Judicial commission faults Oakland County judge in family dispute
Pontiac — The Judicial Tenure Commission has filed a complaint against Oakland Circuit Judge Lisa Gorcyca for her conduct in a highly publicized case in which three children were briefly detained for refusing to talk to their father.
Gorcyca has been overseeing the drawn-out custody battle between Maya Eibschitz-Tsimhoni and Omer Tsimhoni, who alleges his ex-wife turned the children against him while he was working in Israel for General Motors. The children contend their father is violent and they are frightened of him.
The couple divorced in August 2011. Eibschitz-Tsimhoni has had sole custody. Tsimhoni is seeking full custody.
Grievances regarding Gorcyca’s conduct were filed to the commission, said Paul Fischer, a commission examiner.

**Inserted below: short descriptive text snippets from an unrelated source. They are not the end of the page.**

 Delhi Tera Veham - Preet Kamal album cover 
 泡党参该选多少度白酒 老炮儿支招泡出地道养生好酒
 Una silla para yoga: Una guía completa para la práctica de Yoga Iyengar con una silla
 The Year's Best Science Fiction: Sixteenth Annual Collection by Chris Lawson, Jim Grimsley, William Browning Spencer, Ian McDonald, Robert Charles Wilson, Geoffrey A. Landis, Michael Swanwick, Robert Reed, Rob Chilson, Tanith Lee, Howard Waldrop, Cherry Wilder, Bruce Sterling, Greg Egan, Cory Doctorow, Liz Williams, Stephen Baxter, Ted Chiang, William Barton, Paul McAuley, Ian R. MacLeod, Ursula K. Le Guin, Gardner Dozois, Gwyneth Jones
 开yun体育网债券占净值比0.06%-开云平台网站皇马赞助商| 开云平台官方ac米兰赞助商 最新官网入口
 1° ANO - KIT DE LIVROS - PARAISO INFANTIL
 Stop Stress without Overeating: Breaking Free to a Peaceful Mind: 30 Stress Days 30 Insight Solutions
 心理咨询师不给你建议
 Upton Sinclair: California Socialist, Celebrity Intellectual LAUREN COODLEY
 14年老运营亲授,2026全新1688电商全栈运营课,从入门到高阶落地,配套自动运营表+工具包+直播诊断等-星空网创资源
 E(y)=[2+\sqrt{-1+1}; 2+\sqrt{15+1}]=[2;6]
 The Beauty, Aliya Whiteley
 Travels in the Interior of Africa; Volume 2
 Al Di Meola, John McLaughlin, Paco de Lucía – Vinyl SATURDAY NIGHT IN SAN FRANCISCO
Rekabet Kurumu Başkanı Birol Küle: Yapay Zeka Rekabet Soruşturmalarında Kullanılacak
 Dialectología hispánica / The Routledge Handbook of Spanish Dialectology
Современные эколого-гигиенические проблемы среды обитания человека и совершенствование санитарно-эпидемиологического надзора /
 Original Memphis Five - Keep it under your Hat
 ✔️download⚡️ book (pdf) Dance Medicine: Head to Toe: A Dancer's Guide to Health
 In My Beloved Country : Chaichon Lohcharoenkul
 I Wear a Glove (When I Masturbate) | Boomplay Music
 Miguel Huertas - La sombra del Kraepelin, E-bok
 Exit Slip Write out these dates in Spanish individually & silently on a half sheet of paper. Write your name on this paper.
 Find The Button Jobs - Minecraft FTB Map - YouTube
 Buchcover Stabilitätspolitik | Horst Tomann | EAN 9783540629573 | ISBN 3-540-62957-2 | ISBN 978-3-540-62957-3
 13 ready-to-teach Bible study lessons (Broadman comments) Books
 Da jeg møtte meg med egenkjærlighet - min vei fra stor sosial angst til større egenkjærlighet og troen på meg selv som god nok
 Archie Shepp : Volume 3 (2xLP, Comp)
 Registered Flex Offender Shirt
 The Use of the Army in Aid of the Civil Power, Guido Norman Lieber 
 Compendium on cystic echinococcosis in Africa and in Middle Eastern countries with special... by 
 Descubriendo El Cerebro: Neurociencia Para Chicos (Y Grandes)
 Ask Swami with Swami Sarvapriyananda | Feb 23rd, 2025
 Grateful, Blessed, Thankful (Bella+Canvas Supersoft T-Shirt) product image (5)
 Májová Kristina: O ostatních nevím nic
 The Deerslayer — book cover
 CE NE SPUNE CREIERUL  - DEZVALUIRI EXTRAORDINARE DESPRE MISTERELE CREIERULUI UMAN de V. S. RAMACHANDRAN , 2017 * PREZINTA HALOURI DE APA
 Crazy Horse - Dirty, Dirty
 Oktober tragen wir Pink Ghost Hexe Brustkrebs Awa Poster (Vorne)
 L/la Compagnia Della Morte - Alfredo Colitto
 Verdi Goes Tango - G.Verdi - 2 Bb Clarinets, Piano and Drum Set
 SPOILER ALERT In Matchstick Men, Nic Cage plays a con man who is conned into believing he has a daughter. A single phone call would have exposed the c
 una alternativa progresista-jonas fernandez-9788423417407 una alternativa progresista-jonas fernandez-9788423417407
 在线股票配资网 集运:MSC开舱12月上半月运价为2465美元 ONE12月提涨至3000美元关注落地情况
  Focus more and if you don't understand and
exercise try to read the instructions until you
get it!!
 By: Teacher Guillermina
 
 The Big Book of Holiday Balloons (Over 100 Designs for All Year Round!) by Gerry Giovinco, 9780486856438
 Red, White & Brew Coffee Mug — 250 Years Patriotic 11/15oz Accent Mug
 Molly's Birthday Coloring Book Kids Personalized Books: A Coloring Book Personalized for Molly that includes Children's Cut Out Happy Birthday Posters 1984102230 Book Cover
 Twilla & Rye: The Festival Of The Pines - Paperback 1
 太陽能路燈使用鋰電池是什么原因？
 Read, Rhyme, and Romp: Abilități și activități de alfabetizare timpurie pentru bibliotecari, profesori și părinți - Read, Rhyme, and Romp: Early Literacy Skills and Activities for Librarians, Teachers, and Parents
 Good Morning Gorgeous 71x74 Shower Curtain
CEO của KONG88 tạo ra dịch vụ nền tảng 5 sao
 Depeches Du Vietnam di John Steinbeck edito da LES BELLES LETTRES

The judicial commission found that at June 24 contempt hearings for the children — boys 14 and 11, and their 9-year-old sister — Gorcyca was impatient; displayed improper demeanor; used a raised and/or angry voice; laughed at the children, and was sarcastic. The findings also said she made “significant misrepresentations of law and fact,” including telling the children they’d have to use the bathroom in public at Oakland Children’s Village juvenile detention facility, and that “a review of their incarceration would not take place until after they turned 18 years old,” according to the 13-page complaint.
The commission also charges Gorcyca was not honest in her answers to the panel.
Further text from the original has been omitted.